▸ **DATA SHOWN**

= Beginning of Section =

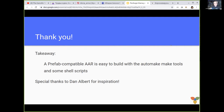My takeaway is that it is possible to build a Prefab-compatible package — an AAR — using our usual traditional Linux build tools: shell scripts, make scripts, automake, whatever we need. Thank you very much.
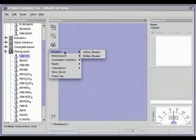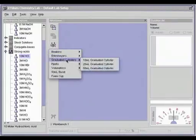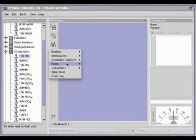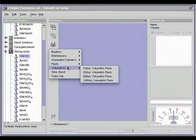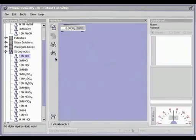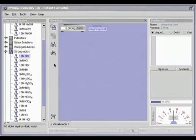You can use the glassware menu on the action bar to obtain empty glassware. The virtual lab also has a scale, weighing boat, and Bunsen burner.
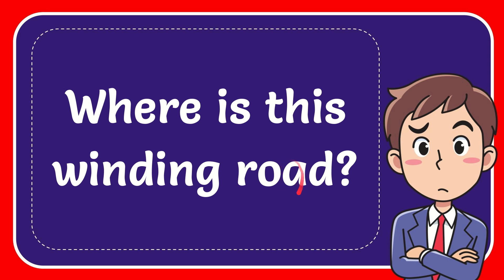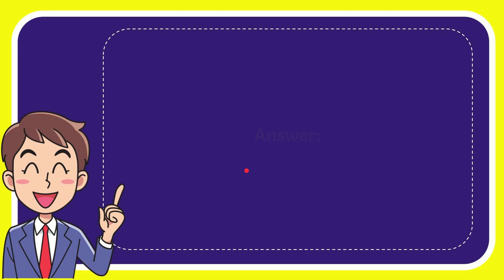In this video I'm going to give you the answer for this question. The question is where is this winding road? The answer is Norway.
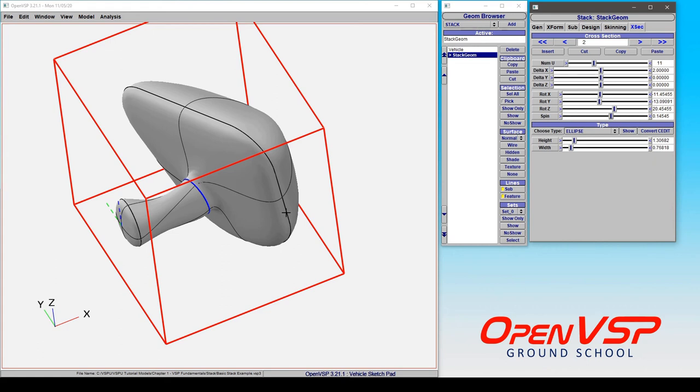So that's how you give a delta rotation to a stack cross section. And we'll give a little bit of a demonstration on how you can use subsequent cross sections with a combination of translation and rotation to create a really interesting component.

= End of Section =
= Beginning of Section =

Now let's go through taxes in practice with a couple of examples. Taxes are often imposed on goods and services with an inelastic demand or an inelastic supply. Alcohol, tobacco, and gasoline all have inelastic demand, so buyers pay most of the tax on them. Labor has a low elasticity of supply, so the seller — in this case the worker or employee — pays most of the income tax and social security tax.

= End of Section =

▸ **TASK REQUIREMENTS**
Look above and copy only the lines from the one holding "My takeaway is" to the one holding "So that's how", both included, exactly, minus the pictures.

▸ **WORKED SOLUTION**
My takeaway is that it is possible to build a Prefab-compatible package — an AAR — using our usual traditional Linux build tools: shell scripts, make scripts, automake, whatever we need. Thank you very much.
You can use the glassware menu on the action bar to obtain empty glassware. The virtual lab also has a scale, weighing boat, and Bunsen burner.
In this video I'm going to give you the answer for this question. The question is where is this winding road? The answer is Norway.
So that's how you give a delta rotation to a stack cross section. And we'll give a little bit of a demonstration on how you can use subsequent cross sections with a combination of translation and rotation to create a really interesting component.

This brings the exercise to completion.